The original version of this question wanted to drop words that consist entirely of repetitions of a single character. An efficient way to do this is to use sets. We convert each word to a set, and if it consists of only a single character the length of that set will be 1. If that's the case, we can drop that word, unless the original word consisted of a single character.

data = ['dog','cat','a','aa','aac','bbb','bcca','ffffff'] 
newdata = [s for s in data if len(s) == 1 or len(set(s)) != 1]
print(newdata)

output

['dog', 'cat', 'a', 'aac', 'bcca']

Here's code for the new version of your question, where you want to drop words that contain any repeated characters. This one's simpler, because we don't need to make a special test for one-character words..

data = ['dog','cat','a','aa','aac','bbb','bcca','ffffff'] 
newdata = [s for s in data if len(set(s)) == len(s)]
print(newdata)

output

['dog', 'cat', 'a']

If the repetitions have to be consecutive, we can handle that using groupby.

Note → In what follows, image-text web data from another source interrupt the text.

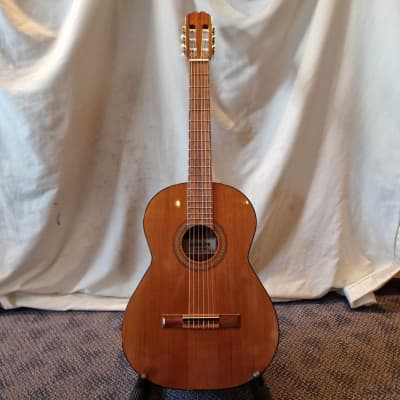 Aria AC-8 - Natural for sale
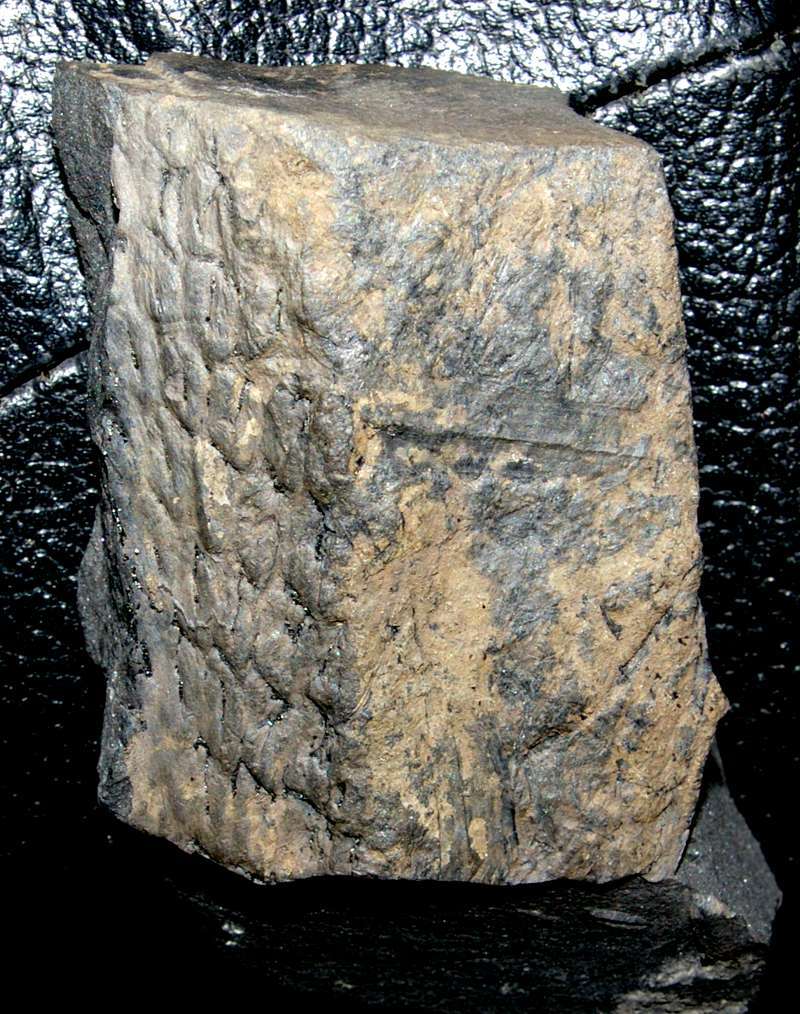Lepidodendron dichotomum 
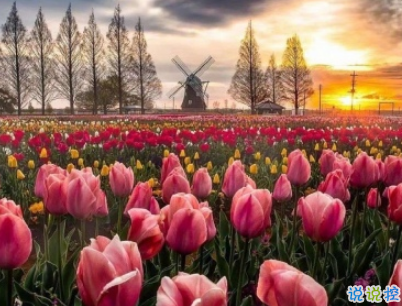 抖音最火愛情說說經(jīng)典語錄配圖 情深是你白首也是你9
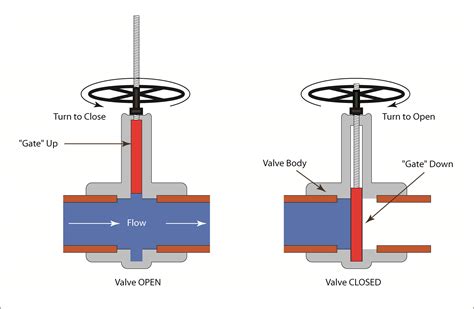 Manual Valves - Gate and Butterfly Valves | CTG Clean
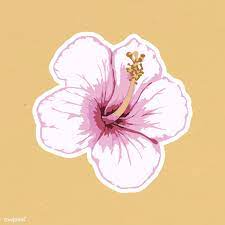 Vectorized Pink Hibiscus Flower Sticker With A White Border Free Image By Rawpixel Com Aew In 2020 Hibiscus Flowers Hibiscus Bloom Blossom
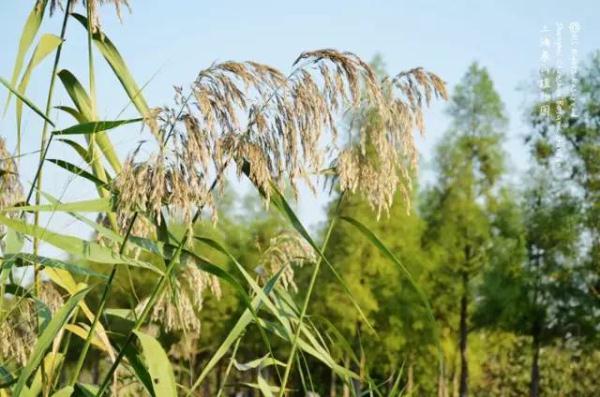 粽叶是什么植物的叶子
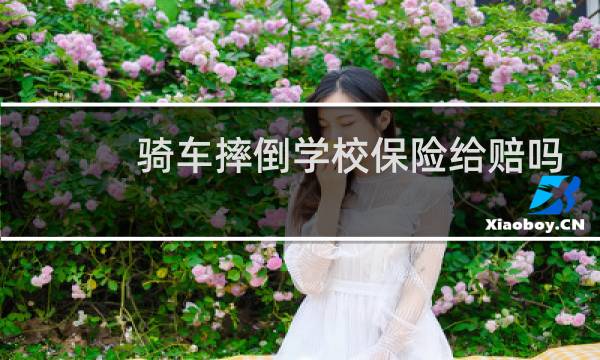 骑车摔倒学校保险给赔吗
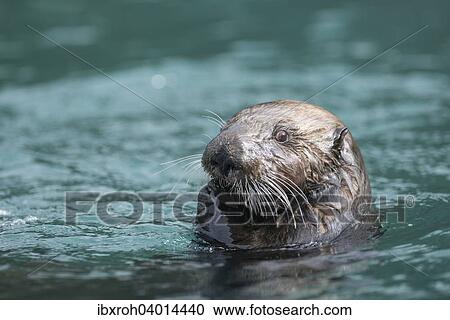 "Sea Otter (Enhydra lutris), Kenai Peninsula, Alaska, United States, North America" View Large Photo Image Stock Image - "Sea Otter (Enhydra lutris), Kenai Peninsula, Alaska, United States, North America". Fotosearch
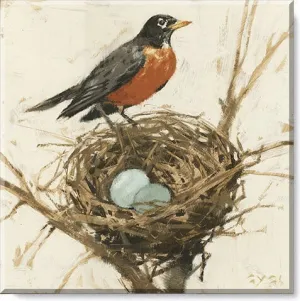 Robin On A Nest Canvas Art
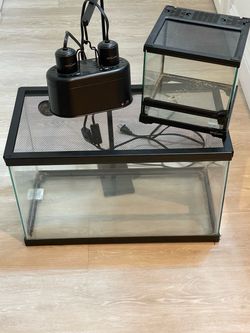 Glass Reptile Terrarium with Screen Lid and Dual Lamp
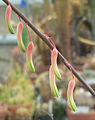 Les flors més grans i allargades de Gasteria pillansii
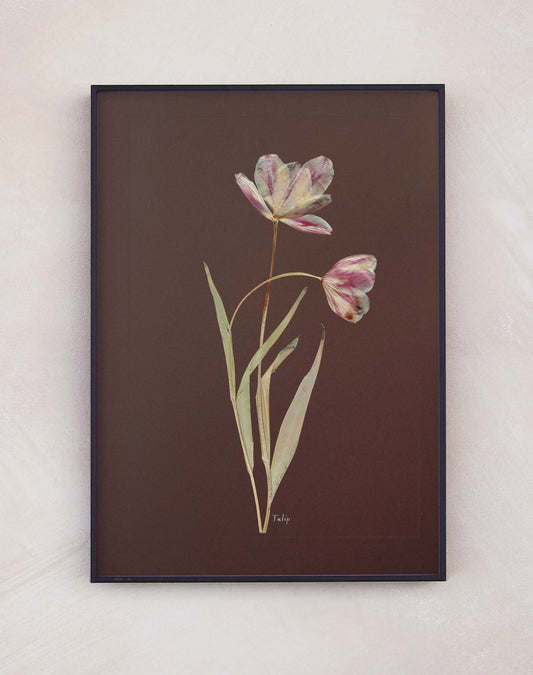 Tulip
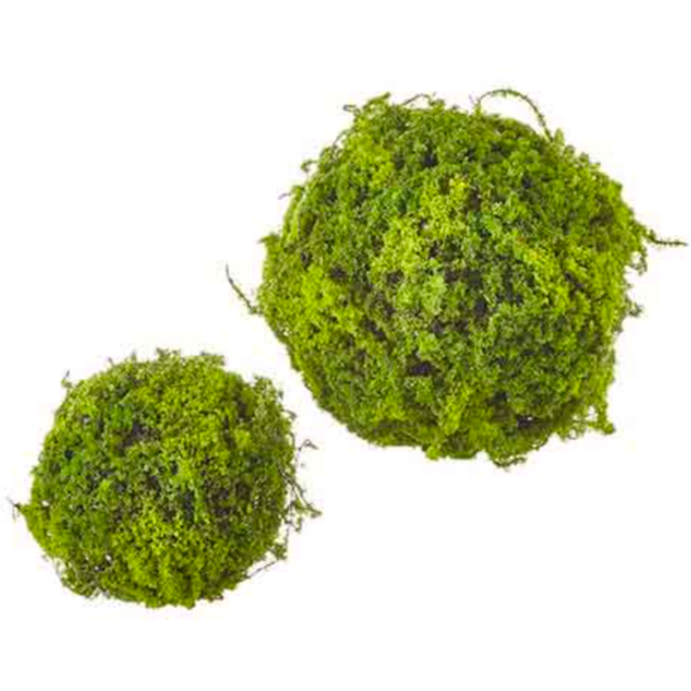 Moss Balls, set of 2-Seasonal Decor-Simple and Grand-Simple and Grand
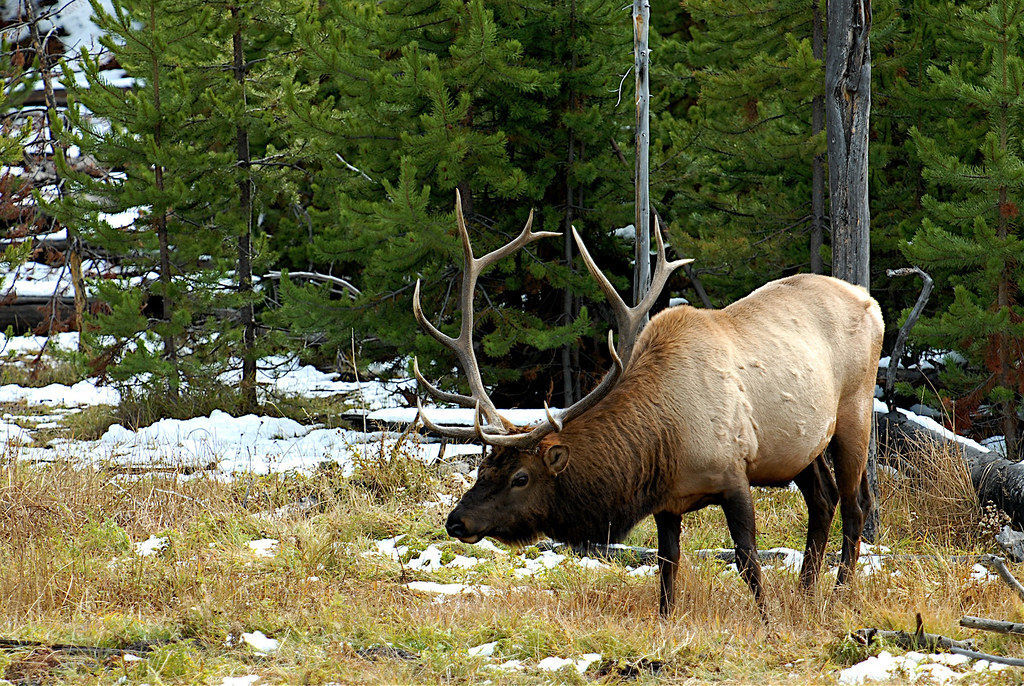 The Greatest Hunting Stories Ever Told: Catchin' Deers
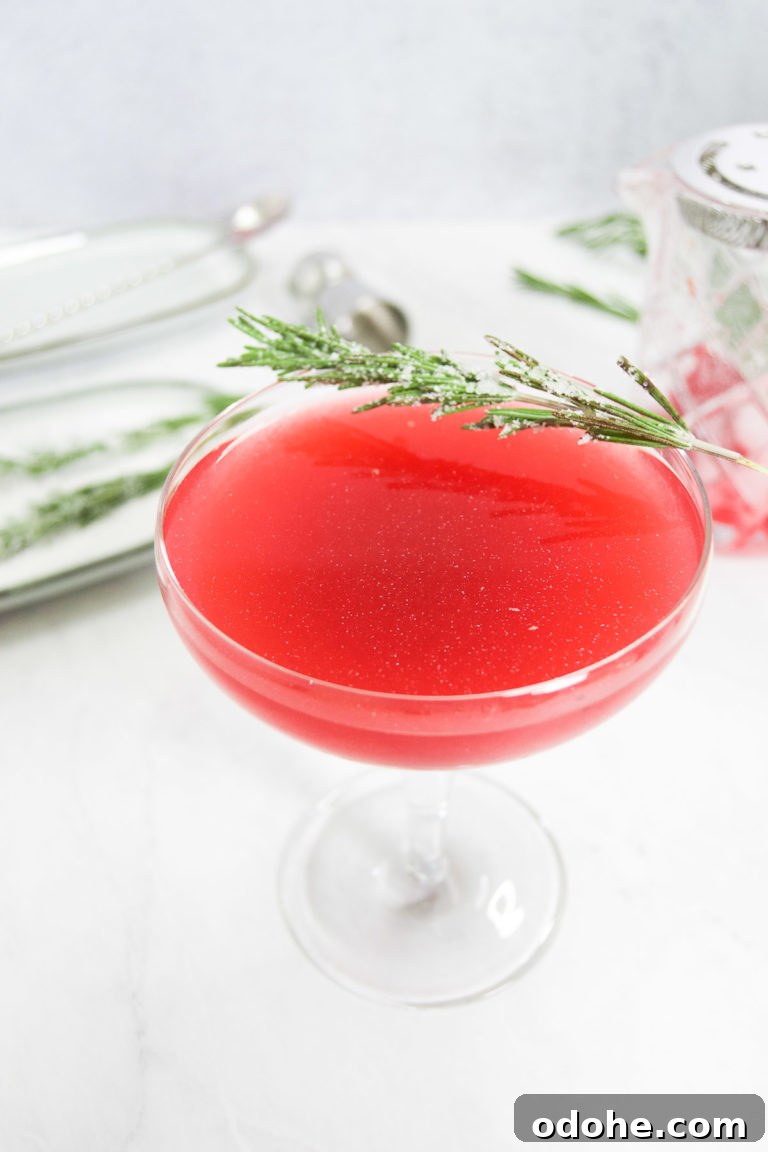 A cranberry cocktail in a coup glass garnished with a sugared rosemary tree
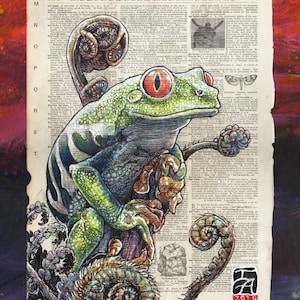 May include: A green tree frog with red eyes sits on a branch with fern-like plants. The frog is drawn in detail with a textured style. The background is a vintage dictionary page with the word "tortoise" highlighted. The image is signed "ZA 2019".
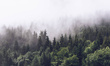 Tapeta Artystyczna Inscrutable forest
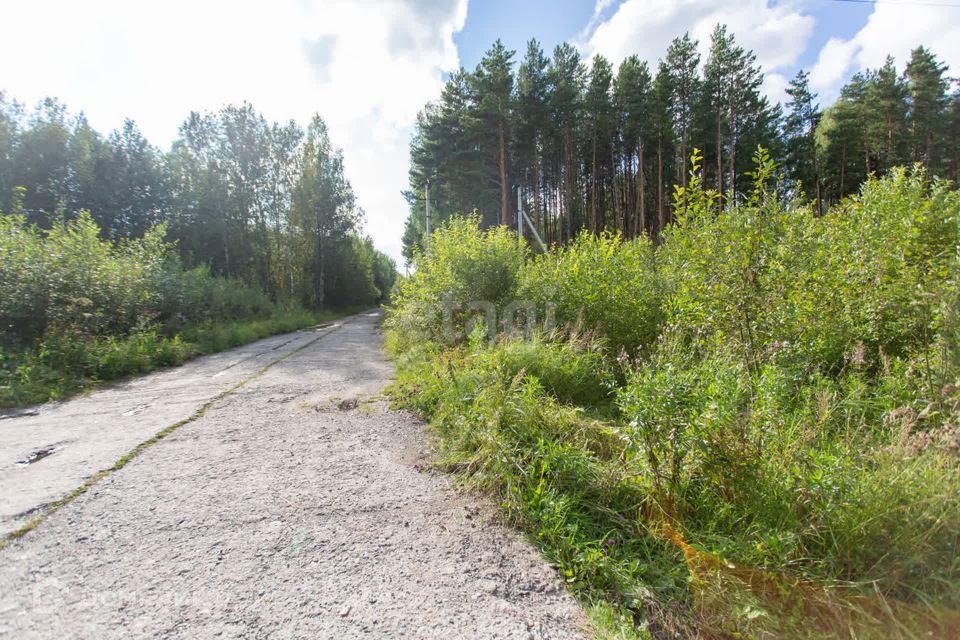 земля г Тобольск Центральная улица, городской округ Тобольск фото 8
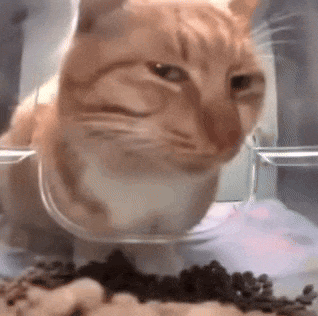 a close up of a cat eating food out of a glass bowl .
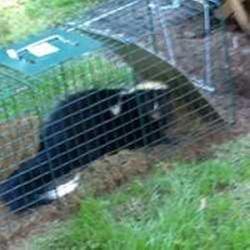 Trapped Skunk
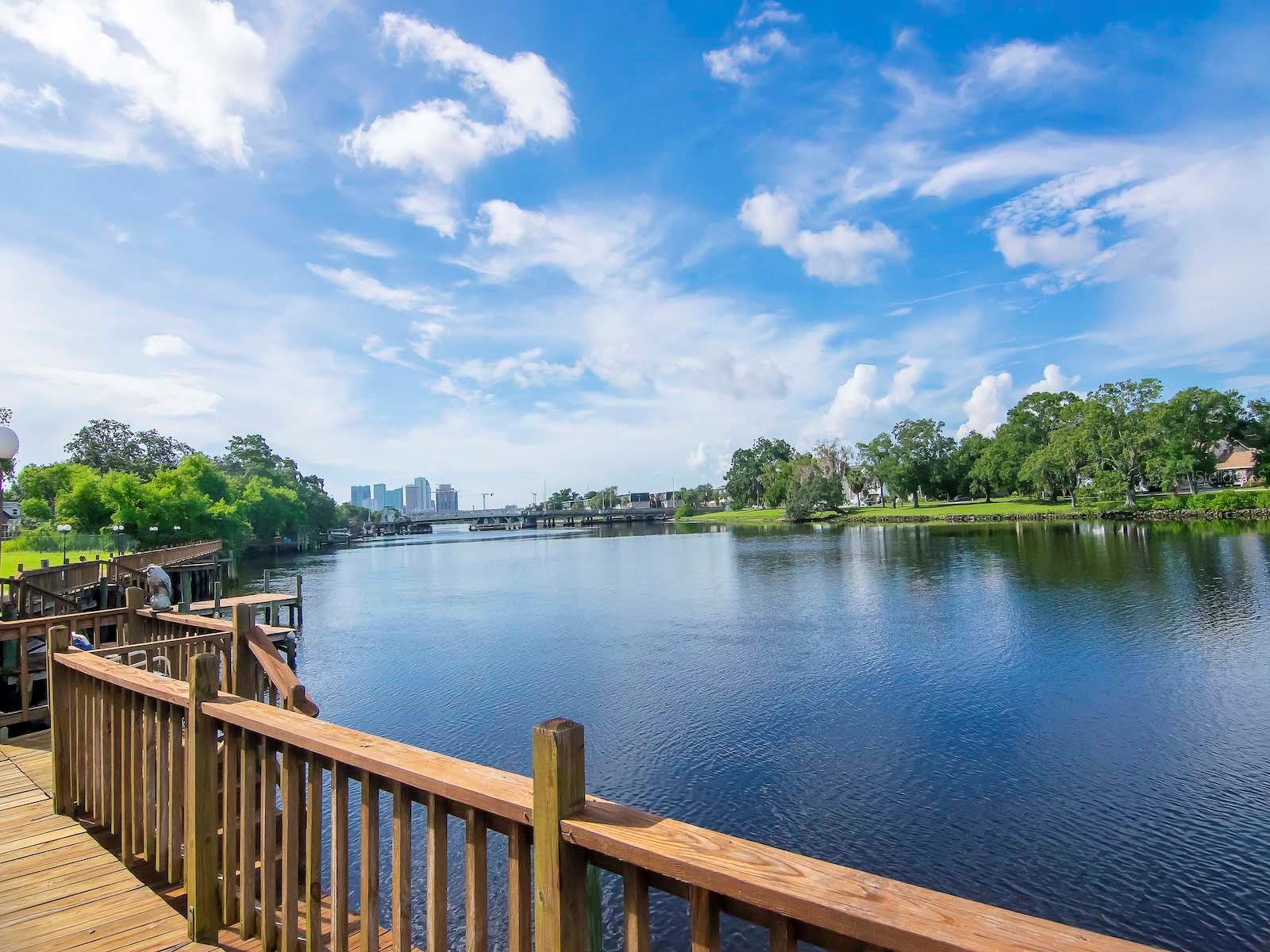 2780 N RIVERSIDE DR #802, TAMPA, FL, 33602
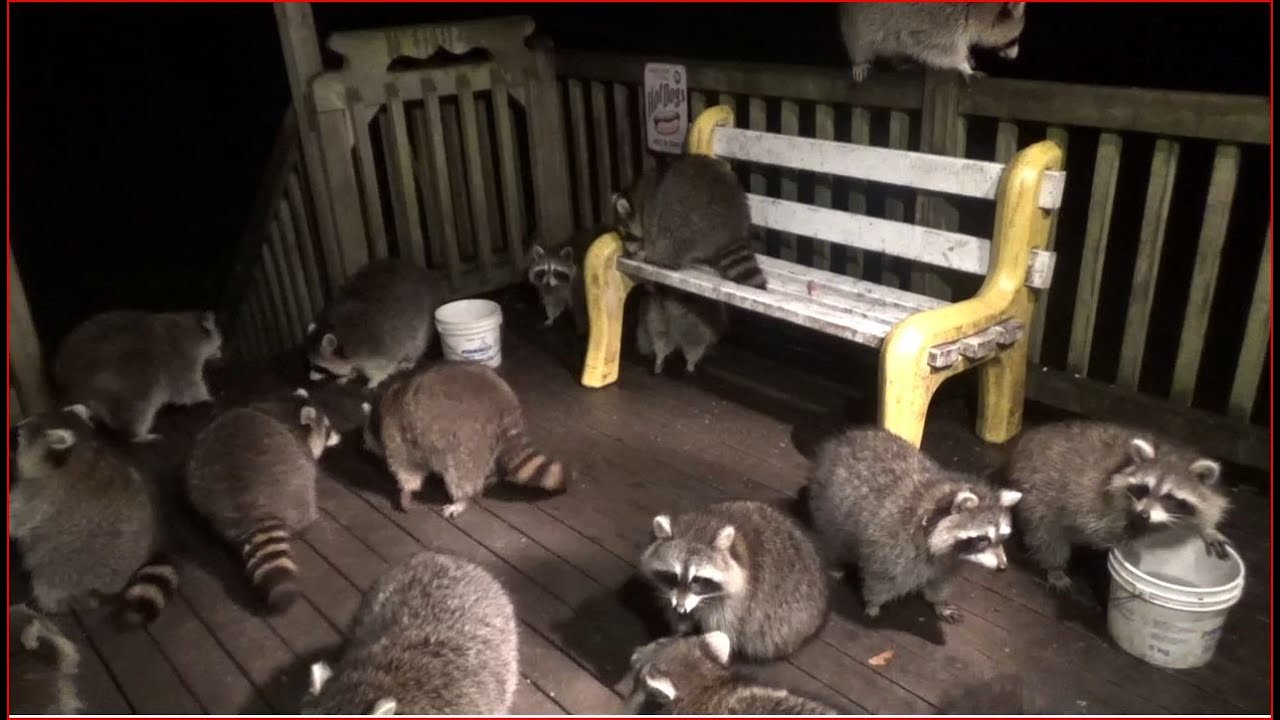 Good Hungry Raccoon Crowd Tonight - Saturday October 17/20  9:00 PM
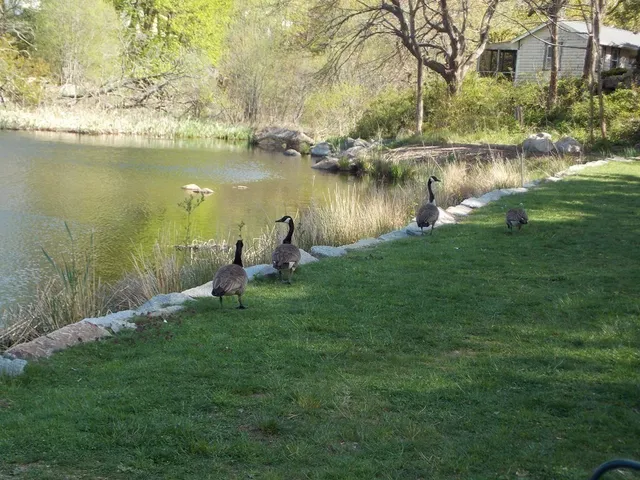 a view of a lake in middle of a forest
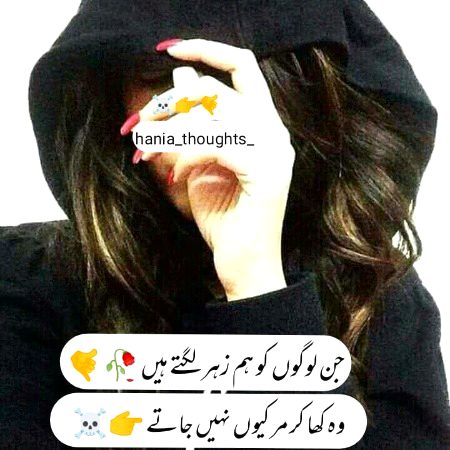 Attitude Poetry image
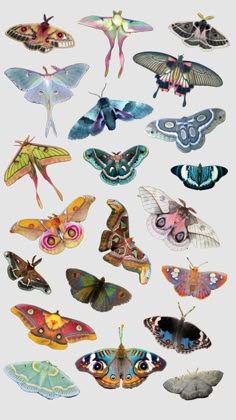 a bunch of different colored butterflies on a white background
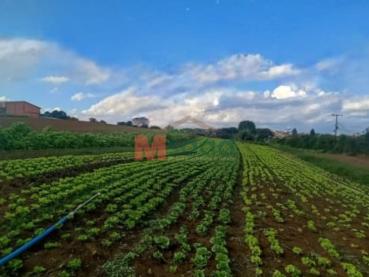 Terreno de 17.700m² à Venda - Ponta Grossa - Ref. 448813-4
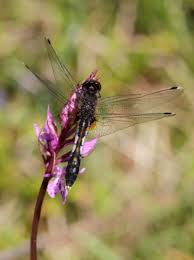 Attēlu rezultāti vaicājumam “Leucorrhinia caudalis”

from itertools import groupby

data = ['dog','cat','a','aa','aac','bbb','bcca','ffffff', 'abab', 'wow'] 
newdata = [s for s in data if max(len(list(g)) for _, g in groupby(s)) == 1]
print(newdata)

output

['dog', 'cat', 'a', 'abab', 'wow']
PM 2Ring
  • 54,345
  • 6
  • 82
  • 182
1

Thanks to this thread: Regex to determine if string is a single repeating character

Here is the re version, but I would stick to PM2 ring and Tameem's solutions if the task was as simple as this:

import re
data = ['dog','cat','a','aa','aac','bbb','bcca','ffffff']  
[i for i in data if not re.search(r'^(.)\1+$', i)]

Output

['dog', 'cat', 'a', 'aac', 'bcca']

And the other:

import re
data = ['dog','cat','a','aa','aac','bbb','bcca','ffffff']  
[i for i in data if not re.search(r'((\w)\2{1,})', i)]

Output

['dog', 'cat', 'a']
Anton vBR
  • 18,287
  • 5
  • 40
  • 46
1

Loop is the way to go. Forget about sets so far as they do not work for words with repetitive letters.

Here is a method you can use to determine if word is valid in a single loop:

def is_valid(word):
    last_char = None
    for i in word:
        if i == last_char:
            return False

        last_char = i

    return True

Example

In [28]: is_valid('dogo')
Out[28]: True

In [29]: is_valid('doo')
Out[29]: False
taras
  • 3,579
  • 3
  • 26
  • 27
1

Here's a way to check if there are consecutive repeated characters:

def has_consecutive_repeated_letters(word):
    return any(c1 == c2 for c1, c2 in zip(word, word[1:]))

You can then use a list comprehension to filter your list:

words = ['dog','cat','a','aa','aac','bbb','bcca','ffffff', 'abab', 'wow']
[word for word in words if not has_consecutive_repeated_letters(word)]
# ['dog', 'cat', 'a', 'abab', 'wow']
Eric Duminil
  • 52,989
  • 9
  • 71
  • 124
0

One line is all it takes :)

data = ['dog','cat','a','aa','aac','bbb','bcca','ffffff']  
data =  [value for value in data if(len(set(value))!=1 or len(value) ==1)]
print(data)

Output

['dog', 'cat', 'a', 'aac', 'bcca']
Tameem
  • 408
  • 7
  • 19